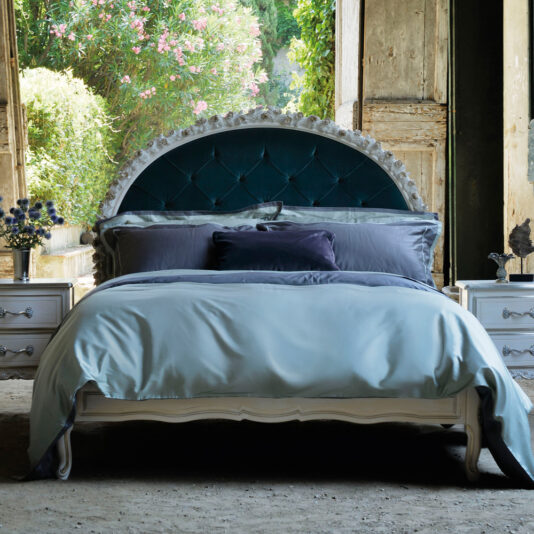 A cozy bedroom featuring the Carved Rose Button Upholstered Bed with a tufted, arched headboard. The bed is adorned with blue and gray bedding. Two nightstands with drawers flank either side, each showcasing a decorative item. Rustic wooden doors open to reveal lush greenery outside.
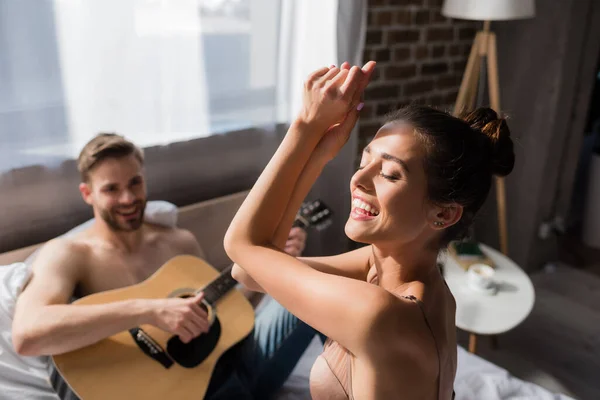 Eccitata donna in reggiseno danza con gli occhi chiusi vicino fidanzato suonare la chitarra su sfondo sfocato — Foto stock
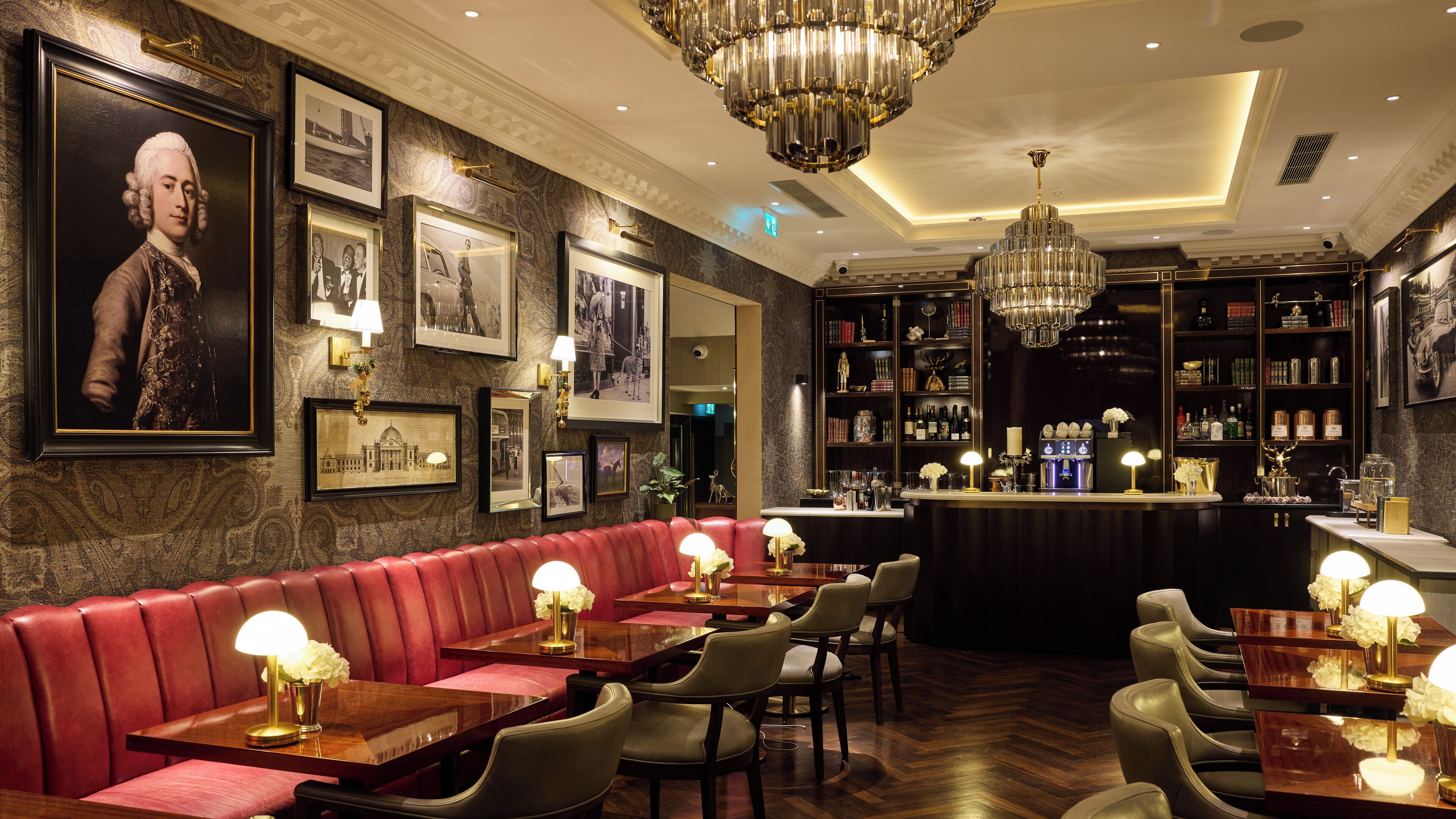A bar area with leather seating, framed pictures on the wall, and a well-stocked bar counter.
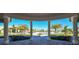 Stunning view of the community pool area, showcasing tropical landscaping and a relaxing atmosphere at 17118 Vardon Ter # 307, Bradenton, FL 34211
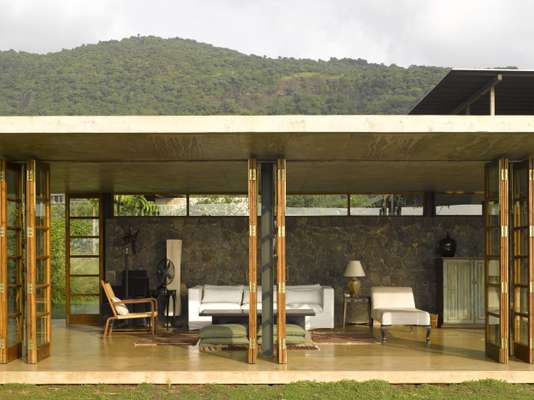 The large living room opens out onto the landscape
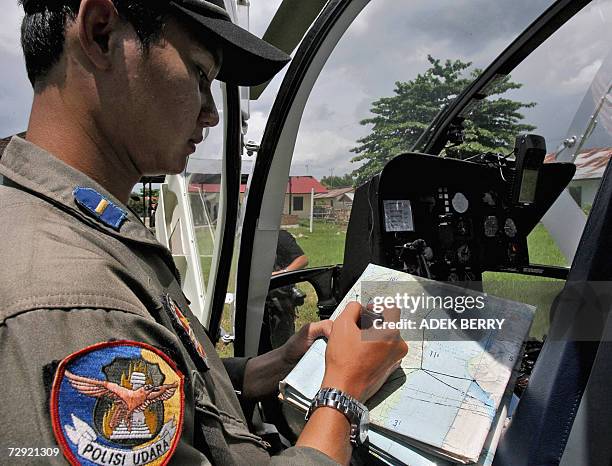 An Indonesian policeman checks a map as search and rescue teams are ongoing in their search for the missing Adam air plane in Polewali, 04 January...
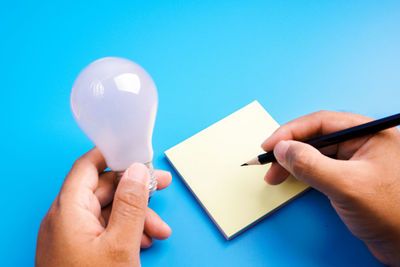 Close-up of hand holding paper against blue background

- - - -

PROBLEM DETAILS
Would you restate all of the data above word for word, omitting the pictures?

EXERCISE RESPONSE
 A cozy bedroom featuring the Carved Rose Button Upholstered Bed with a tufted, arched headboard. The bed is adorned with blue and gray bedding. Two nightstands with drawers flank either side, each showcasing a decorative item. Rustic wooden doors open to reveal lush greenery outside.
 Eccitata donna in reggiseno danza con gli occhi chiusi vicino fidanzato suonare la chitarra su sfondo sfocato — Foto stock
A bar area with leather seating, framed pictures on the wall, and a well-stocked bar counter.
 Stunning view of the community pool area, showcasing tropical landscaping and a relaxing atmosphere at 17118 Vardon Ter # 307, Bradenton, FL 34211
 The large living room opens out onto the landscape
 An Indonesian policeman checks a map as search and rescue teams are ongoing in their search for the missing Adam air plane in Polewali, 04 January...
 Close-up of hand holding paper against blue background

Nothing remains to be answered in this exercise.